▶ _YOUR TASK_:
Leaving out every picture, please repeat exactly the line that contains "the roadrunner" and each line after it through the final line below.

=====

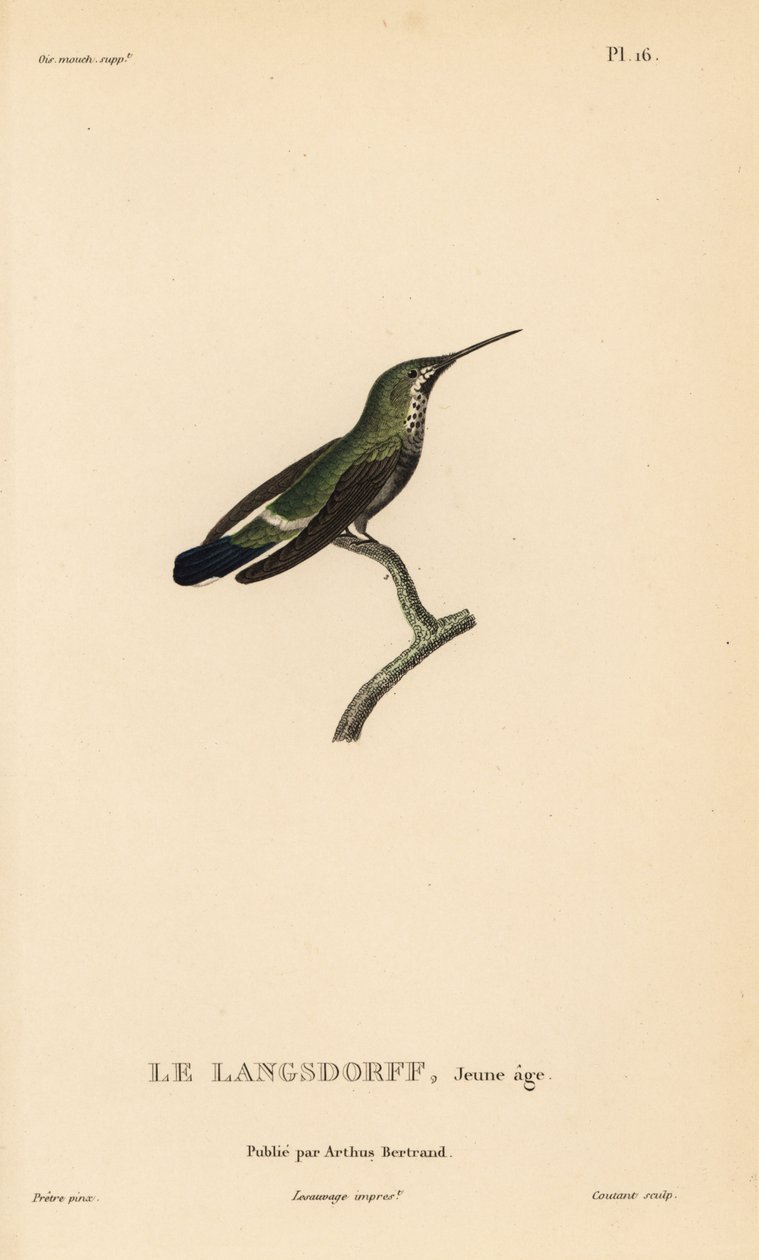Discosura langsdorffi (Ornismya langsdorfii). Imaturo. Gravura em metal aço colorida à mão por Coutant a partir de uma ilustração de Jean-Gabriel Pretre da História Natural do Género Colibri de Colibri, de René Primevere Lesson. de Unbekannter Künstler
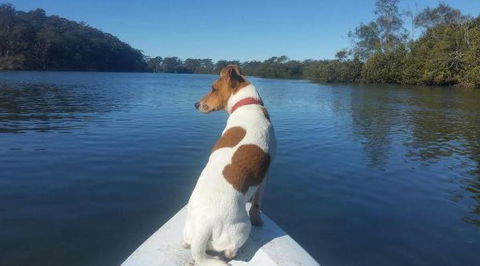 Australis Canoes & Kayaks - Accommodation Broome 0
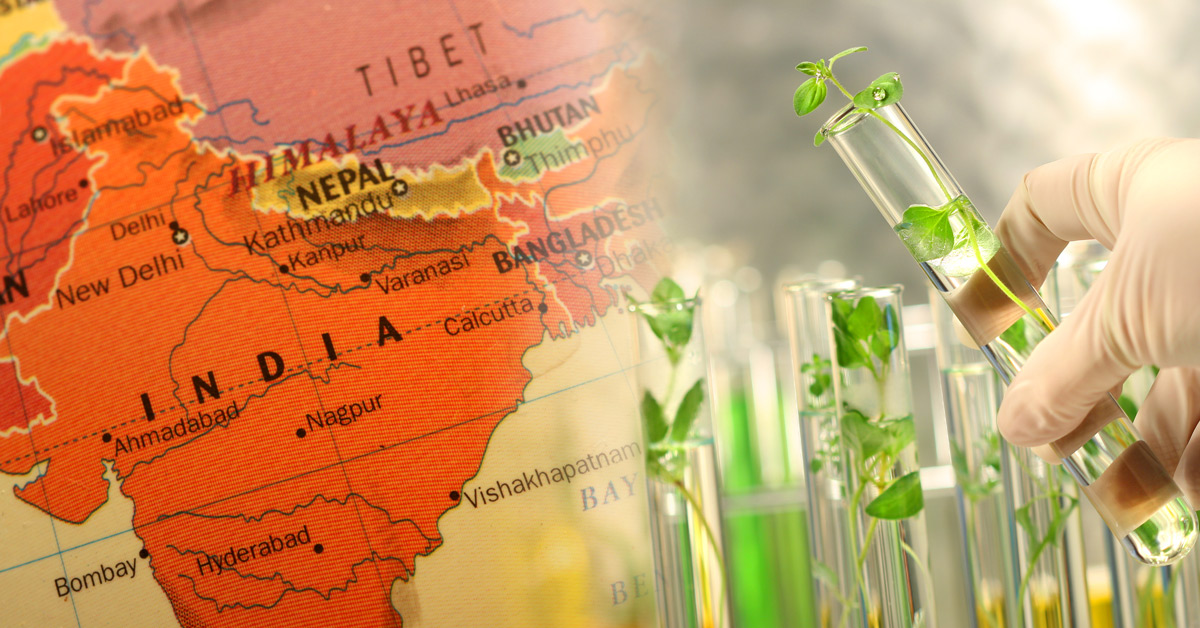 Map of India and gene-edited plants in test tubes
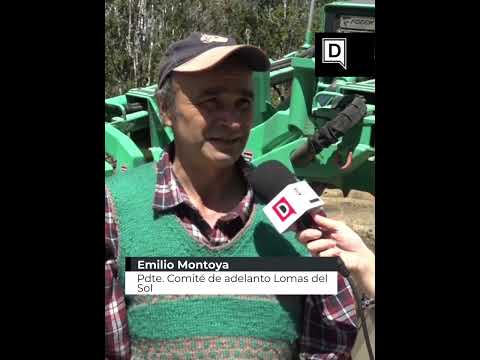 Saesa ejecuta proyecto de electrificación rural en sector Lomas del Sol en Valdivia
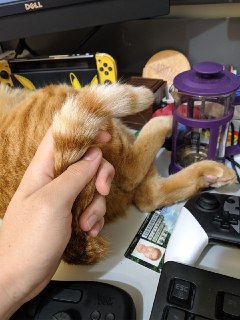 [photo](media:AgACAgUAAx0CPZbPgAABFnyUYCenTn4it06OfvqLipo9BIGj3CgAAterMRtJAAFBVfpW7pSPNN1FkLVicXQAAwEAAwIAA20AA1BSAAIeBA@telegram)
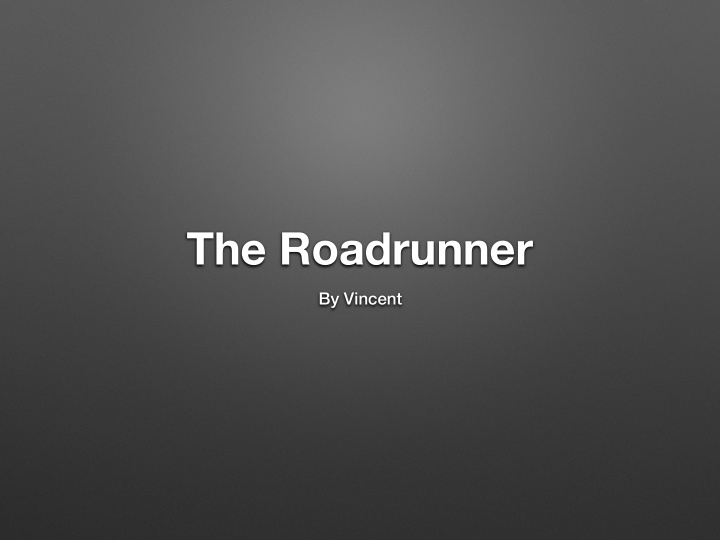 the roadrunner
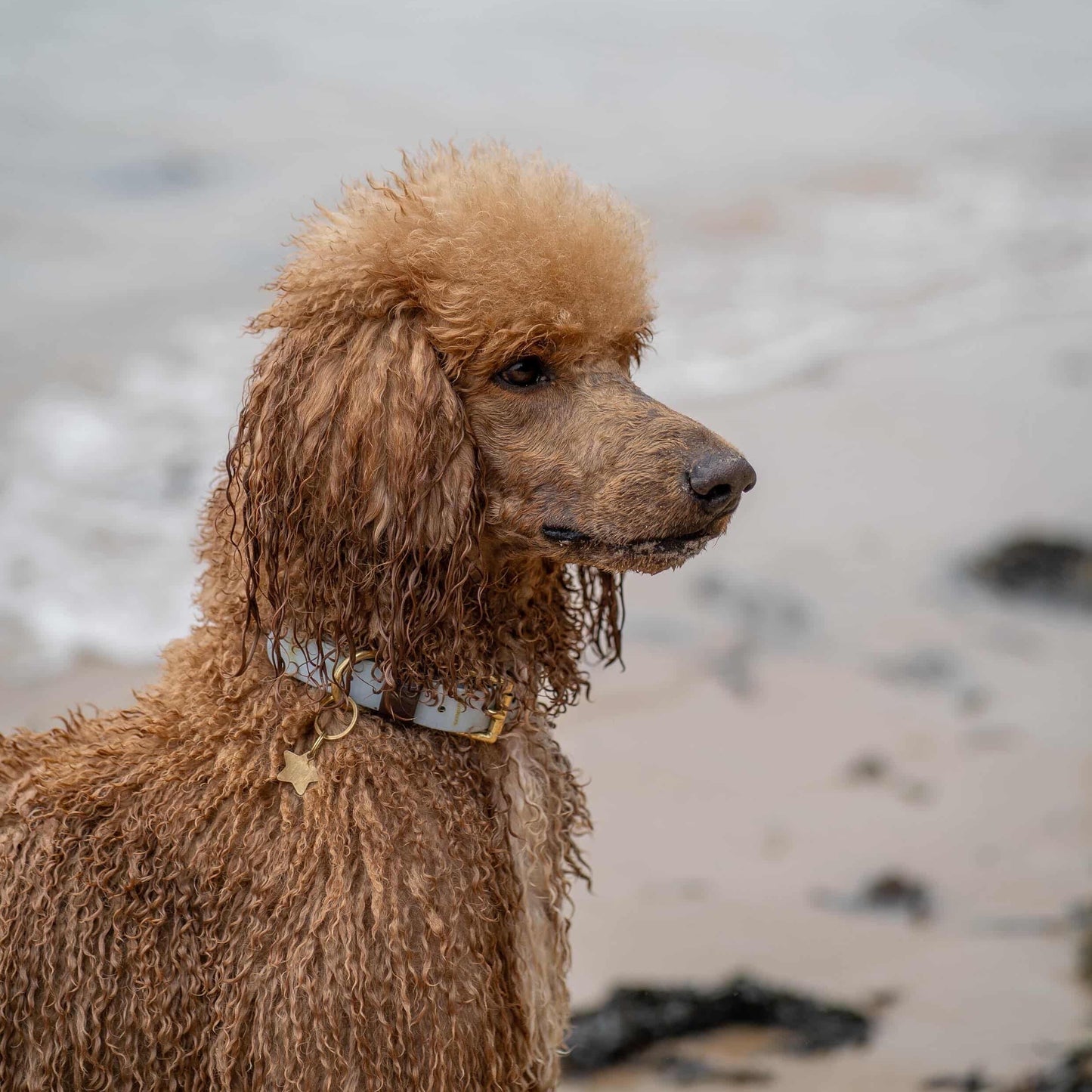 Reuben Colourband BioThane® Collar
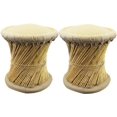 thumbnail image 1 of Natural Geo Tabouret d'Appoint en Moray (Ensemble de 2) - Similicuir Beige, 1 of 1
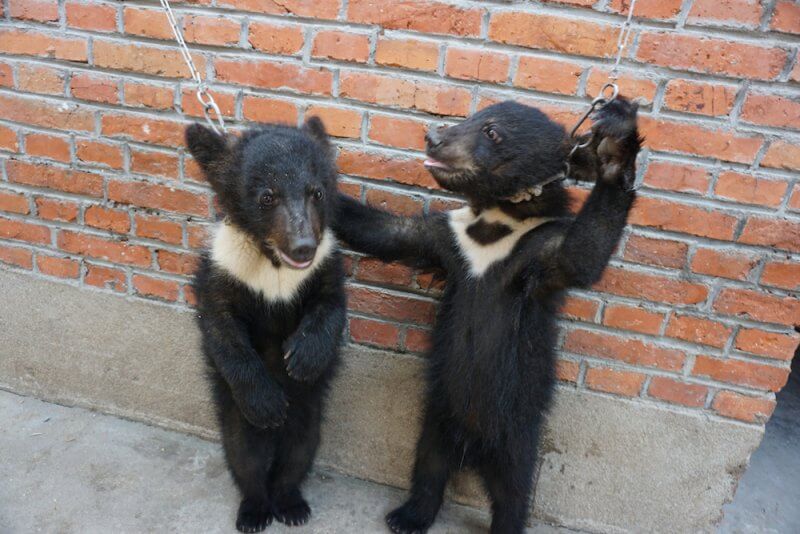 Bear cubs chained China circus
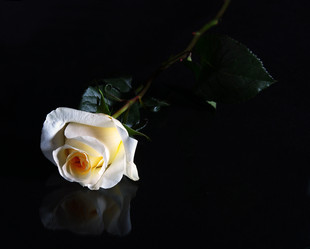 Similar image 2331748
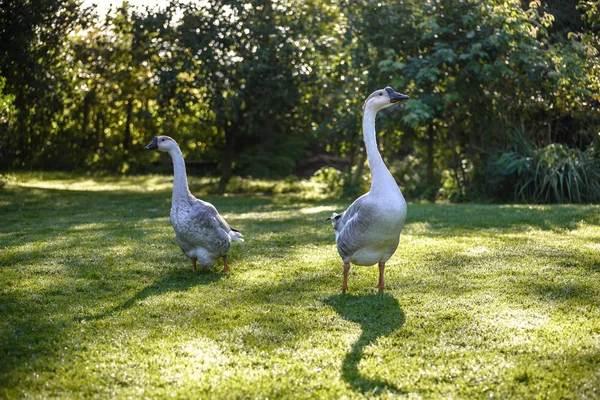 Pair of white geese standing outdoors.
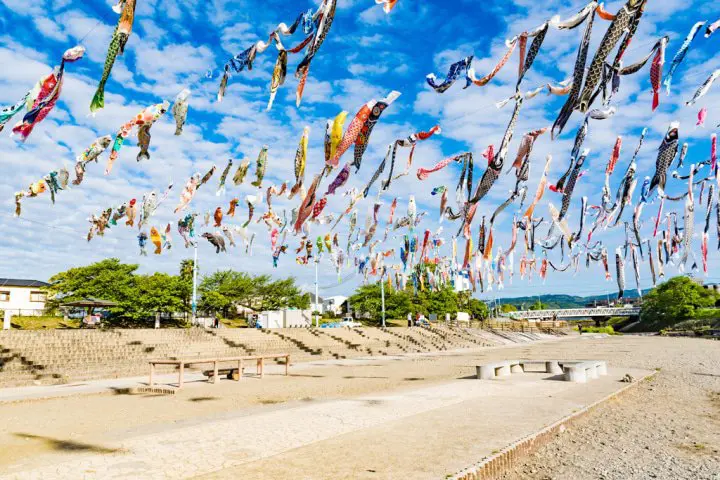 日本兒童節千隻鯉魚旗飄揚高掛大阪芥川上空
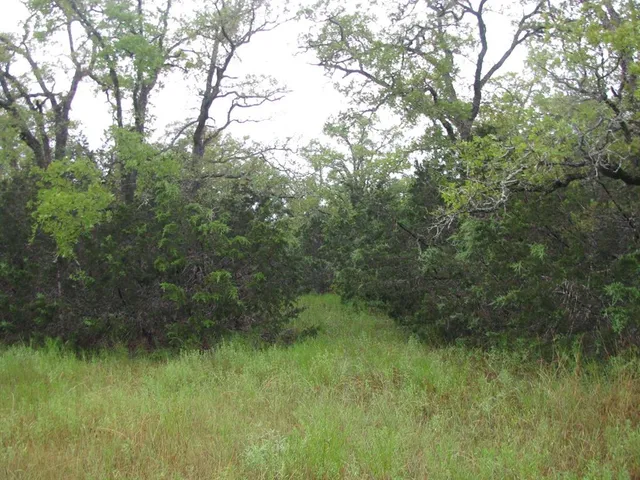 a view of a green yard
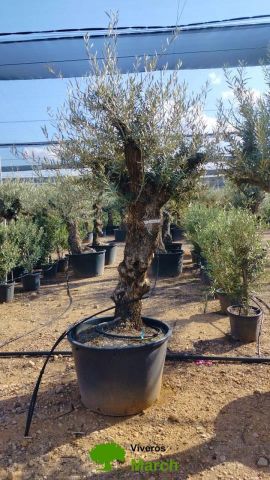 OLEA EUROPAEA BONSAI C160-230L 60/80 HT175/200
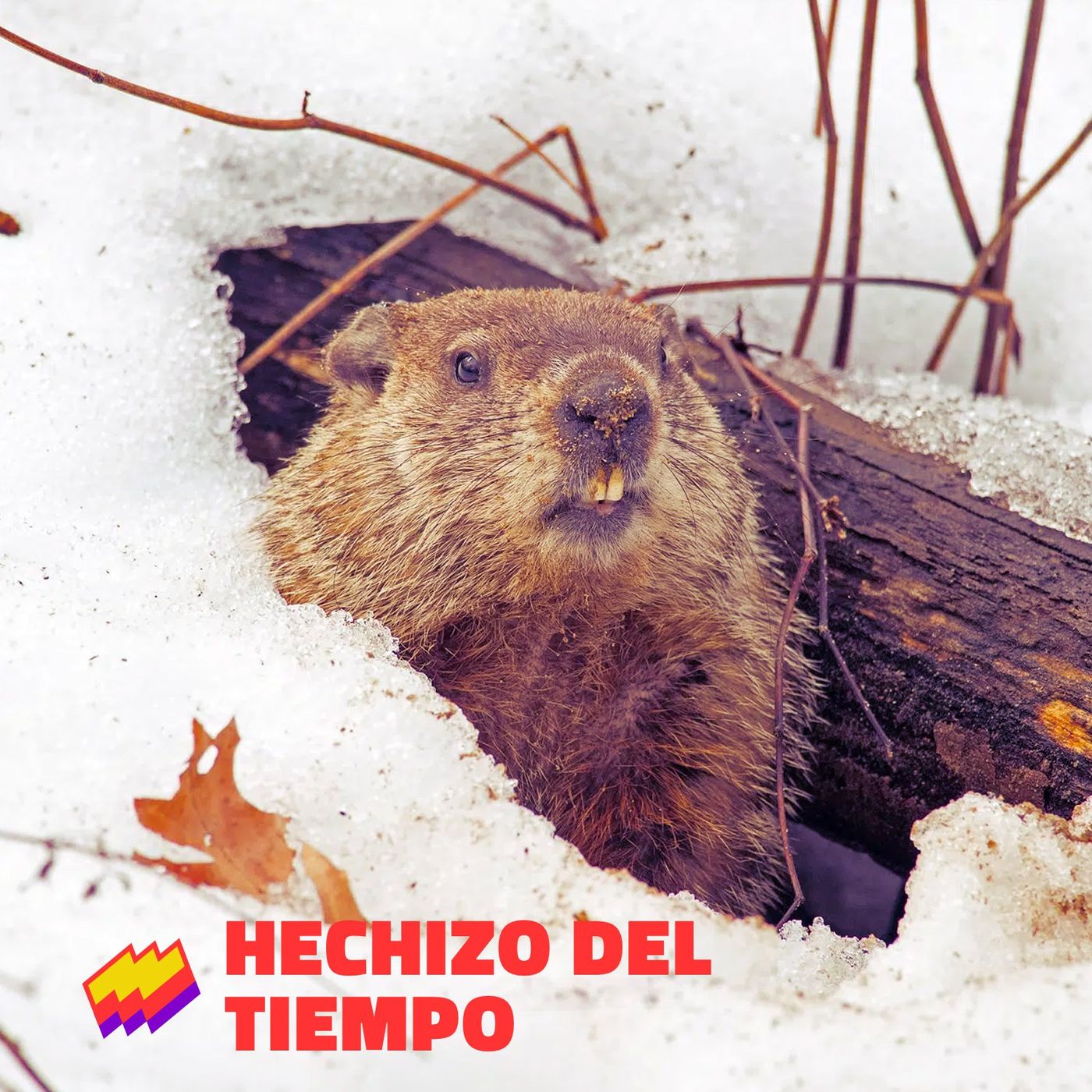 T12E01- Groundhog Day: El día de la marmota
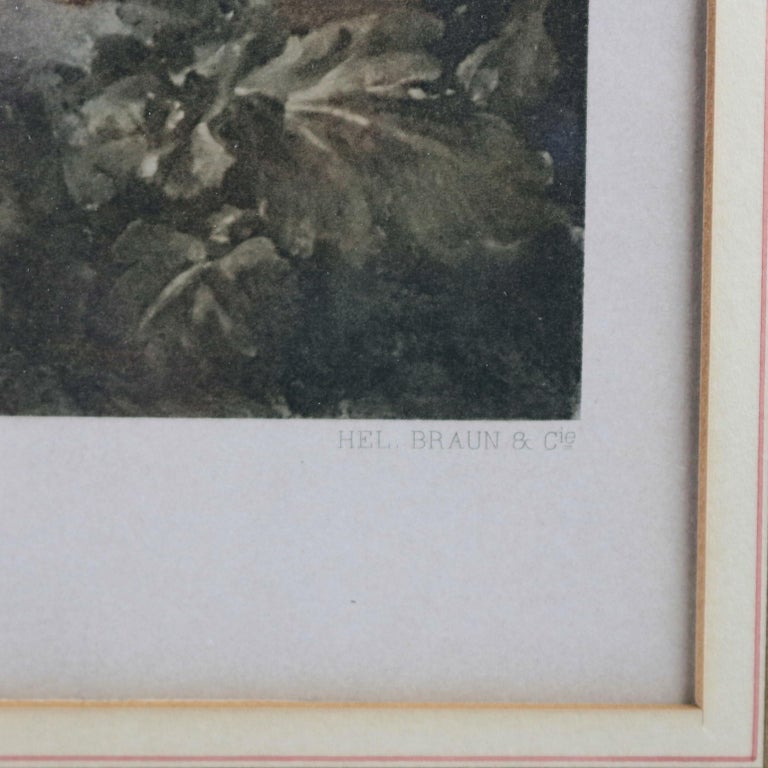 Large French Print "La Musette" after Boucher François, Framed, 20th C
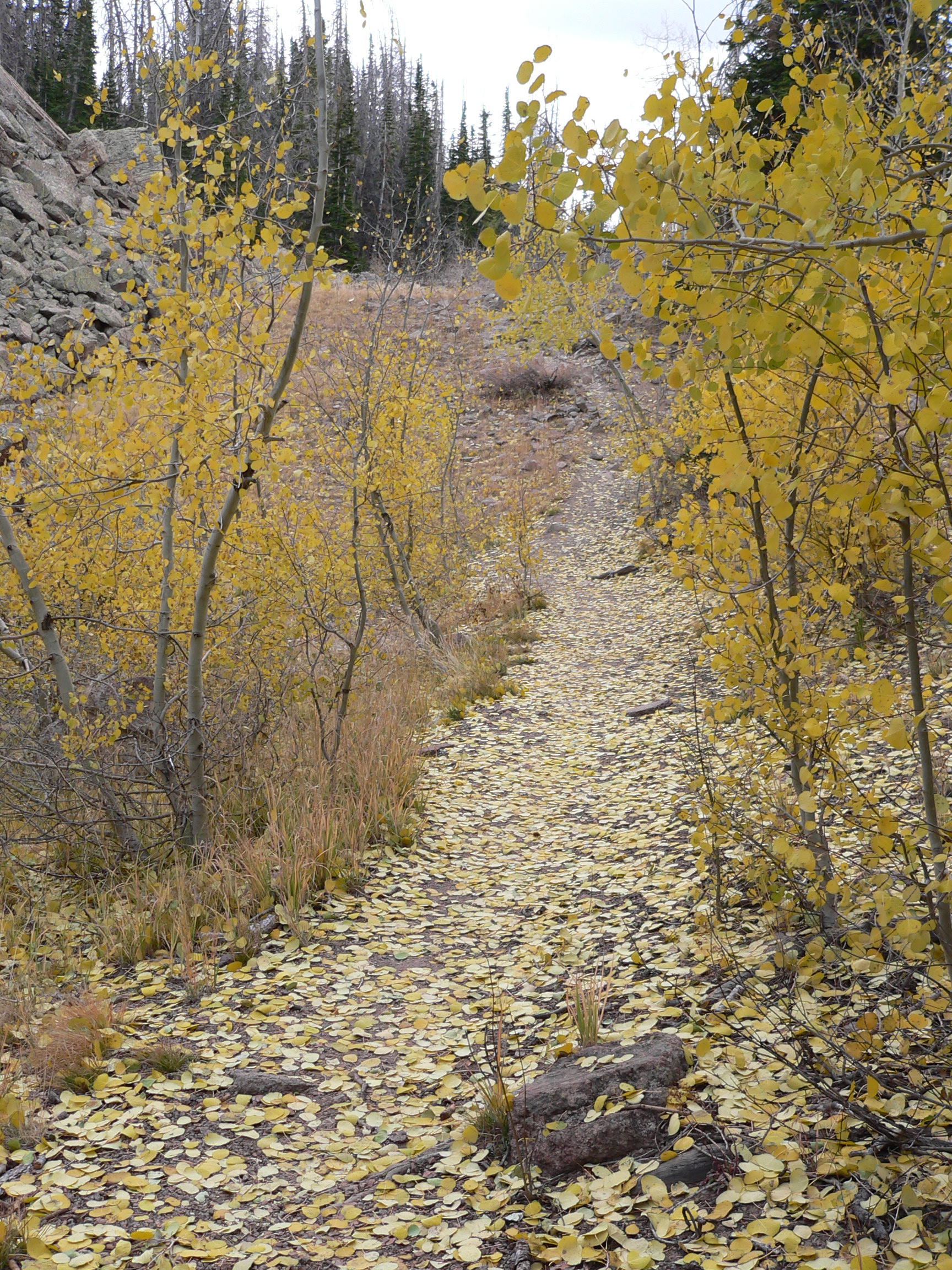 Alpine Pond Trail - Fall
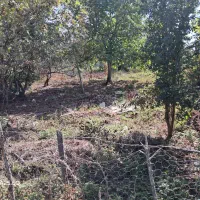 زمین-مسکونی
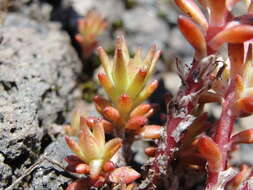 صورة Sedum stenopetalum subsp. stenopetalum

=====

▶ _SOLUTION FOR THIS TASK_:
 the roadrunner
 Reuben Colourband BioThane® Collar
 thumbnail image 1 of Natural Geo Tabouret d'Appoint en Moray (Ensemble de 2) - Similicuir Beige, 1 of 1
 Bear cubs chained China circus
 Similar image 2331748
 Pair of white geese standing outdoors.
 日本兒童節千隻鯉魚旗飄揚高掛大阪芥川上空
 a view of a green yard
 OLEA EUROPAEA BONSAI C160-230L 60/80 HT175/200
 T12E01- Groundhog Day: El día de la marmota
 Large French Print "La Musette" after Boucher François, Framed, 20th C
 Alpine Pond Trail - Fall
 زمین-مسکونی
 صورة Sedum stenopetalum subsp. stenopetalum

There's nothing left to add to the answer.